I corpi segreti di Araki. A Vicenza
Fondazione Bisazza, Montecchio Maggiore ‒ fino al 3 dicembre 2017. Più di settanta fotografie in cui il noto artista giapponese Nobuyoshi Araki apre al pubblico il suo “diario” visivo, introducendolo nel suo universo e svelando tabù e desideri reconditi. Siano donne in pose audaci, fiori carnosi, edifici decadenti, l'artista pare guidato dal desiderio di smarrirsi nel soggetto che sta riprendendo. Fra modernità e tradizione, consumismo e spiritualità.
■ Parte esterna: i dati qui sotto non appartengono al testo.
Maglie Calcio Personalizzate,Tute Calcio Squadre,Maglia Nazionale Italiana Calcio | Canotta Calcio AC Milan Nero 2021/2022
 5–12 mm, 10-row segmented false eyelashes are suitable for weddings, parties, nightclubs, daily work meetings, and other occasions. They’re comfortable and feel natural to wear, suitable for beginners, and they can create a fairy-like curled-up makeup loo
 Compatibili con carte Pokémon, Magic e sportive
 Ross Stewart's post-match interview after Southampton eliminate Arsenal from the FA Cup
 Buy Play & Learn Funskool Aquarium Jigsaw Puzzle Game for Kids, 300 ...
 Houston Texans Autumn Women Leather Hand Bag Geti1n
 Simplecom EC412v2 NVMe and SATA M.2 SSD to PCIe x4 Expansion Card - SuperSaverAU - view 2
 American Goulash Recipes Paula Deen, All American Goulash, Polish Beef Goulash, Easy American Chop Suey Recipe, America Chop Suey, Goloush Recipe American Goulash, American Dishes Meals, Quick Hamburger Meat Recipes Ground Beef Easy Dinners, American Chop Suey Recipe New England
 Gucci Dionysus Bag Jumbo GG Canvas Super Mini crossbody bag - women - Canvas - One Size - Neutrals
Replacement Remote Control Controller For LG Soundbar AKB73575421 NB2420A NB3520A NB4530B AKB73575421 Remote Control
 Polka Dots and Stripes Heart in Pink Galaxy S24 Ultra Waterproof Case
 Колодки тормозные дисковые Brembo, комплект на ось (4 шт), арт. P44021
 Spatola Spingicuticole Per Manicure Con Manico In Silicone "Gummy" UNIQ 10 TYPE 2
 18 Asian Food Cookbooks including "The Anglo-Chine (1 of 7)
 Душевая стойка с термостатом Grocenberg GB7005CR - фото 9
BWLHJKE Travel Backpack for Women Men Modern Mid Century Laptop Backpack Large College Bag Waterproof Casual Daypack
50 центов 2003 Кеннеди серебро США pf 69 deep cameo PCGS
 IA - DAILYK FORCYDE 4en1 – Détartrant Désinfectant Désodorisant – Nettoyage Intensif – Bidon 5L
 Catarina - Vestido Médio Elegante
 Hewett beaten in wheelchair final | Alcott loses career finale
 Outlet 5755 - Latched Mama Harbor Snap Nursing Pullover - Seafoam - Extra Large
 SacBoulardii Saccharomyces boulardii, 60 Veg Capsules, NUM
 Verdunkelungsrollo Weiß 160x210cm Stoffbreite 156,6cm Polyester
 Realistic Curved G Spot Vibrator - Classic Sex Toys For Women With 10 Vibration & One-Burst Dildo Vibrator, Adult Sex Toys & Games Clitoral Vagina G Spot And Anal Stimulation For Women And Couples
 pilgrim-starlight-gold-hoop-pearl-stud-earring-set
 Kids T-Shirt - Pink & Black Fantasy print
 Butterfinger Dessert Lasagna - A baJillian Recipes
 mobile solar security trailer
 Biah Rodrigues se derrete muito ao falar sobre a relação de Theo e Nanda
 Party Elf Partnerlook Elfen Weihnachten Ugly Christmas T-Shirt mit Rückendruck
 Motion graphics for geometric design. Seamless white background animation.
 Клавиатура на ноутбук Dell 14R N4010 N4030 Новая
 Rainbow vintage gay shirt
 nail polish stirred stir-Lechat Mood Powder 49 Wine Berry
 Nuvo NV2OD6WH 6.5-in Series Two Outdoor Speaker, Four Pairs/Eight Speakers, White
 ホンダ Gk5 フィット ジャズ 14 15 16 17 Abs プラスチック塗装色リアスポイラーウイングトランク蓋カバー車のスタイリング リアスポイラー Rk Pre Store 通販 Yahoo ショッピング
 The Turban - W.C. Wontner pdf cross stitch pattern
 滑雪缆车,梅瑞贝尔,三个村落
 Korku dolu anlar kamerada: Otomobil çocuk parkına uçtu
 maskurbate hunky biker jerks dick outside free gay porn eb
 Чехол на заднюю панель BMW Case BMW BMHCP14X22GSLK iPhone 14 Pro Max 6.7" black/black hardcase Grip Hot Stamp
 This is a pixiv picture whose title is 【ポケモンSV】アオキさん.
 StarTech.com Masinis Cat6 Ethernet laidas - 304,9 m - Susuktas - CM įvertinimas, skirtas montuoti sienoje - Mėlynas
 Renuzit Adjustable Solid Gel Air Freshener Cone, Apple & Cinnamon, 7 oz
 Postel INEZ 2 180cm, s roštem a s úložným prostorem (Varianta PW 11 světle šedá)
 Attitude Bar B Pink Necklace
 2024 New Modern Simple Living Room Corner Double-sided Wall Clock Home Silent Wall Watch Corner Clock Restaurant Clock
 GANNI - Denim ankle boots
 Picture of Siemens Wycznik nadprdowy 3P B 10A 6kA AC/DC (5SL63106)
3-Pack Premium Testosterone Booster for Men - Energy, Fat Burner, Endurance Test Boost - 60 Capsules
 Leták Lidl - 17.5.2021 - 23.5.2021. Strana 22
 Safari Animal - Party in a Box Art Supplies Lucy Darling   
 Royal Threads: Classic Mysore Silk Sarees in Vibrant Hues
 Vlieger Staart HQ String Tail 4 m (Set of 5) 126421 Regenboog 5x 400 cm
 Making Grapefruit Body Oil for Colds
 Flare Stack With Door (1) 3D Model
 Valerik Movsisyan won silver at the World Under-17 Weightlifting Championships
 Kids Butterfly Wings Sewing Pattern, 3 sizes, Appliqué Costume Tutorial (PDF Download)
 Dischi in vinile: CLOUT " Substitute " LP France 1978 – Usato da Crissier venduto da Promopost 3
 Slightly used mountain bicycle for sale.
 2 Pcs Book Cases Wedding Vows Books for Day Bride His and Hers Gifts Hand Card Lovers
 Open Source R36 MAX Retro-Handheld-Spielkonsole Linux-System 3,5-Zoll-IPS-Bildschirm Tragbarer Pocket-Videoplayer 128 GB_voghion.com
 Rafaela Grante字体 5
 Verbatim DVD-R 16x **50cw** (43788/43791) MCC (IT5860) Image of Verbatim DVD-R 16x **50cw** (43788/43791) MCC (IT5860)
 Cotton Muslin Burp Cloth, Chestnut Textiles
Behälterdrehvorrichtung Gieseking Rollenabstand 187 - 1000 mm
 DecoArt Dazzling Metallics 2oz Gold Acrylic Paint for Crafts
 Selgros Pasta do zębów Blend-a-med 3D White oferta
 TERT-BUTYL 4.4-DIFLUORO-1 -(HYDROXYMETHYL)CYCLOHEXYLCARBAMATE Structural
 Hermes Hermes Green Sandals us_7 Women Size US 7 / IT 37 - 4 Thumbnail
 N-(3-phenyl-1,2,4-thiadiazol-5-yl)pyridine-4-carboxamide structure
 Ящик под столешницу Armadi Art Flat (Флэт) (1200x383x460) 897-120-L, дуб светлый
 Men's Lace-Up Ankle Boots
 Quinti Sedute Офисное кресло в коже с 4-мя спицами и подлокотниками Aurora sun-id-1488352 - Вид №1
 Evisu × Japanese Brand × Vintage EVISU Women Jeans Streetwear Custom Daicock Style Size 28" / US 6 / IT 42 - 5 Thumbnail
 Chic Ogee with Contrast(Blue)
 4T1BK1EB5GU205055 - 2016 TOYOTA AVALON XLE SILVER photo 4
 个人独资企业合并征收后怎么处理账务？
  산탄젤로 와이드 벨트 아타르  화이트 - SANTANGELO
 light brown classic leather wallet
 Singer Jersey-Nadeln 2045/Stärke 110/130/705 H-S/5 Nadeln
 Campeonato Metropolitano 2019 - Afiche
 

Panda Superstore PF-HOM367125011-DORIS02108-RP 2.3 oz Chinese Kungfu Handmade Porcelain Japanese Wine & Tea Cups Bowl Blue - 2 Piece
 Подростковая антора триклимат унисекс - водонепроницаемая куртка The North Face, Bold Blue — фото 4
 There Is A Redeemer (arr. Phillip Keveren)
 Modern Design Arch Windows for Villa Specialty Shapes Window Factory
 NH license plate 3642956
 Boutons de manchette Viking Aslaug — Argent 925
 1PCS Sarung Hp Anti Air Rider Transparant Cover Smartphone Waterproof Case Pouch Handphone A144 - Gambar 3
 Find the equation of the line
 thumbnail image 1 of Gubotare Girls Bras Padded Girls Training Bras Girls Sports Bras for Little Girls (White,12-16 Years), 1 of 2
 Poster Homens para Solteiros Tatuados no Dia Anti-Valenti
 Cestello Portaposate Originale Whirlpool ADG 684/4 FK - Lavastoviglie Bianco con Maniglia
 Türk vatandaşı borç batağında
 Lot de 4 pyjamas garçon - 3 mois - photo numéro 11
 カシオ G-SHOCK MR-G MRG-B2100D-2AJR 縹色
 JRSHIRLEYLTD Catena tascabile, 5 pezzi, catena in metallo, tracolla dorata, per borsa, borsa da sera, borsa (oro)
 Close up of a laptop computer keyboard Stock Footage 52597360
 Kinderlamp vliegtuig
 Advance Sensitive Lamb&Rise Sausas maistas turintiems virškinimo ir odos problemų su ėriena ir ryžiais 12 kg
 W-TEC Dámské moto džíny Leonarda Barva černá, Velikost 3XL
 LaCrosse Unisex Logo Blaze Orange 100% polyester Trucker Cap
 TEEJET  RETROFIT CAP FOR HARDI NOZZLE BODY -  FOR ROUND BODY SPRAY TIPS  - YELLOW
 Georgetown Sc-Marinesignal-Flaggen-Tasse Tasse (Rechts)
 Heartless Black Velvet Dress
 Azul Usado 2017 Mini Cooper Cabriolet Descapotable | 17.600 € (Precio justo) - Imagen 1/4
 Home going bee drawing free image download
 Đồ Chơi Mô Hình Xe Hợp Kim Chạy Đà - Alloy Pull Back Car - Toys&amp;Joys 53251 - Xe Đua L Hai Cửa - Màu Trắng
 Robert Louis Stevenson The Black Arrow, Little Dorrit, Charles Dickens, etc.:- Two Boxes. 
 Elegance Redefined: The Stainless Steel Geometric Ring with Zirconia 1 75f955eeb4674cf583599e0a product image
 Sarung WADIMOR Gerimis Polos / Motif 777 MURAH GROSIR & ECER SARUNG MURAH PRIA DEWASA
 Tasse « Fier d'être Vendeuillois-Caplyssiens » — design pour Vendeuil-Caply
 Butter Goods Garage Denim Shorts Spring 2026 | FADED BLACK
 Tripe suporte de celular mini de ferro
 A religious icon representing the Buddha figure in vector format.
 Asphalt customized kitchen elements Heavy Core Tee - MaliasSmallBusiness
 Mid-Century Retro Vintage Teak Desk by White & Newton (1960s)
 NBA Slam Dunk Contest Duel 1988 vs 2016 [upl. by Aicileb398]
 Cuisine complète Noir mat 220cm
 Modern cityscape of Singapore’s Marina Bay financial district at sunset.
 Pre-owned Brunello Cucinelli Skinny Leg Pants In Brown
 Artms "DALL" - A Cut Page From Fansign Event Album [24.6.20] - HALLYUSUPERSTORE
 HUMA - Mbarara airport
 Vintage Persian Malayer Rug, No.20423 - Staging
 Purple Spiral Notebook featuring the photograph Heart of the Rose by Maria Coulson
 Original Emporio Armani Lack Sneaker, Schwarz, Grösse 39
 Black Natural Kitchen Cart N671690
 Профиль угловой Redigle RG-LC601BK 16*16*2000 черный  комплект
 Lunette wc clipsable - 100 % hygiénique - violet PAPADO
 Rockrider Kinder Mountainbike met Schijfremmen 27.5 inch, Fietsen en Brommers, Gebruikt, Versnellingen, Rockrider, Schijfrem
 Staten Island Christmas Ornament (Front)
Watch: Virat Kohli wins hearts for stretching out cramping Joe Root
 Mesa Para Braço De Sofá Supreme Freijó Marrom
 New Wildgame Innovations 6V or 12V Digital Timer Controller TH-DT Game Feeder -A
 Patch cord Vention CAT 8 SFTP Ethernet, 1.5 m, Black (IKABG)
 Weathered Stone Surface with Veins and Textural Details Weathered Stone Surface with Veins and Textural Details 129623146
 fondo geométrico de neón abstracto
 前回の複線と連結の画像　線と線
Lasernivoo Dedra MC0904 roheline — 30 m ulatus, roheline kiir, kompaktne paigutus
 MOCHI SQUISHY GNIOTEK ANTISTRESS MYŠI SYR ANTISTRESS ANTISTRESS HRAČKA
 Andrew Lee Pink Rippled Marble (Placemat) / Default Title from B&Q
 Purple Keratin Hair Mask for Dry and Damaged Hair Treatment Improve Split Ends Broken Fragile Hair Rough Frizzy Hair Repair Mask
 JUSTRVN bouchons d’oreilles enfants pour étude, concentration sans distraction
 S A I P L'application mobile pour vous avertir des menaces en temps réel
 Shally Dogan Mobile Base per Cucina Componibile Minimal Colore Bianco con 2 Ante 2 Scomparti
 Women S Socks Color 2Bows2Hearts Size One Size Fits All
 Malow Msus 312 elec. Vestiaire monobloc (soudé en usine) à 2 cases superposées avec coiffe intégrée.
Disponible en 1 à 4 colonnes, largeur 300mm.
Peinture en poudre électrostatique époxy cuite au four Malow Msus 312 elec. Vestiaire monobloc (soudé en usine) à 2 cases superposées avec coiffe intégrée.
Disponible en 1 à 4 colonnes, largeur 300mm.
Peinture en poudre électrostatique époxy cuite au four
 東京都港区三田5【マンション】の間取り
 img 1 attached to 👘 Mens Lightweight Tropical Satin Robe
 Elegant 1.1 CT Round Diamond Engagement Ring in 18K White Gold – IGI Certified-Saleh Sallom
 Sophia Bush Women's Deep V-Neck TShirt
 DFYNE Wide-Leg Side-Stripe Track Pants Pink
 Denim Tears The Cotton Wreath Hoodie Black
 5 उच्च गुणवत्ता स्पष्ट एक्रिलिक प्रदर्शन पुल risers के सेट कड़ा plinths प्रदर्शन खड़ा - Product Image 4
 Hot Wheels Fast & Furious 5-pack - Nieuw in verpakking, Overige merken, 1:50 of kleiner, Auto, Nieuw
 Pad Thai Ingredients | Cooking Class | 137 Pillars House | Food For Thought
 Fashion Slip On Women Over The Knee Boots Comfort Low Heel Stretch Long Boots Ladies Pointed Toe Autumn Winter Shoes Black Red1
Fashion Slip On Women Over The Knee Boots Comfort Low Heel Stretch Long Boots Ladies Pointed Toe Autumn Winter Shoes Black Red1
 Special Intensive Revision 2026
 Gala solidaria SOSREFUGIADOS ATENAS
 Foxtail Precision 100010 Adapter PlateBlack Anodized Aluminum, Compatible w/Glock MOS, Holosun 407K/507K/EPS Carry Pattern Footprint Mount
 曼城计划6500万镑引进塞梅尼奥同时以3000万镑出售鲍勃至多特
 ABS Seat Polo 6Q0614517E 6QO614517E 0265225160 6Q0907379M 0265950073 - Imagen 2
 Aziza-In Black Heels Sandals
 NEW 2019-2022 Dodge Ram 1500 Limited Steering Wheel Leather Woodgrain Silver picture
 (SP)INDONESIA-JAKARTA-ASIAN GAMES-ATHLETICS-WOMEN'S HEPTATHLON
“Avrei voluto fotografare solo la vita, ma ogni volta che scatto mi avvicino alla morte. Perché fotografare è come fermare il tempo, è in fondo un omicidio”. Parole che sembrano prese direttamente da La camera chiara di Roland Barthes e che invece sono state pronunciate da quel collezionista instancabile e disperato di attimi che è il fotografo giapponese Nobuyoshi Araki (Tokyo, 1940). Per lui ogni ora, ogni corpo, ogni angolo della sua città sono degni di essere registrati e consegnati a una sorta di presente eterno e immutabile. La sua è un’infinita lussuria del vedere e del fotografare che pare inseguire l’identificazione totale tra sguardo e obiettivo, tra fuga del tempo e fissità dell’immagine. È così soprattutto quando inquadra nudi femminili estremi: donne nude, al bagno, a letto, donne dei quartieri a luci rosse di Shinjuku, donne con i corpi imprigionati dalle corde, secondo l’antica tecnica del kinbaku, donne qualunque, adolescenti, anziane, prostitute, aristocratiche, specialmente donne enigmatiche, indecifrabili nella loro sessualità goduta e insieme subita. Lo afferma lo stesso Araki: “Le donne mi interessano molto, perché sono misteriose e perfide. A volte madonne a volte puttane”. Qual è la loro vera essenza, che cosa si nasconde dietro il loro sguardo enigmatico?
BLOCCARE LA BELLEZZA
Gli scatti non possono mai essere neutrali fino in fondo (come quelli di Warhol): l’apparecchio non è più una semplice protesi che registra passivamente il mondo femminile, ma ogni volta sembra planarvi dentro, toccarlo, alla pari di una mano che afferra “materia visiva”. Non è un caso che, come qui ci mostra un video, i set di Araki siano vere e proprie performance, in cui l’artista mette in posa le sue modelle come fossero bambole inerti o manichini perturbanti alla Bellmer. Ma poi ci sono i Flowers, colti al massimo del loro fulgore, proprio prima di cominciare ad appassire; ci sono le immagini di Tokyo con le sue rovine e le sue nuove costruzioni: segni di sottrazione e di aggiunta, di apparizione e scomparsa. È il tema ricorrente della poetica di Araki, sottolinea il curatore Filippo Maggia: bloccare cioè la bellezza nell’attimo in cui celebra se stessa, “nell’istante infinitamente piccolo che sta tra la vita e la morte”.
LE SERIE
Le 70 fotografie esposte alla Fondazione Bisazza appartengono a diverse serie ‒Sentimental Journey, Kaori, Painting Flowers, Suicide in Tokyo, ecc. ‒ e raccontano, come in un diario, il fatale bisogno di Araki di svelare i segreti dei corpi e delle immagini. Perfino quelli che riguardano il suo stesso essere, come nella raccolta del 2013 (Love on the Left Eye), dove le fotografie sono cancellate nella parte destra a testimonianza della perdita delle vista proprio nel suo occhio destro. Non mancano neppure tredici inediti realizzati nel 2009 per l’azienda, in cui l’eleganza oscura della cultura giapponese si combina con i preziosi mosaici. È come se anche un set sfavillante potesse accogliere passioni indicibili e desideri inappagati. In fondo, dice sempre Araki: “L’arte per essere viva deve essere un miscuglio di sesso e di sacro”.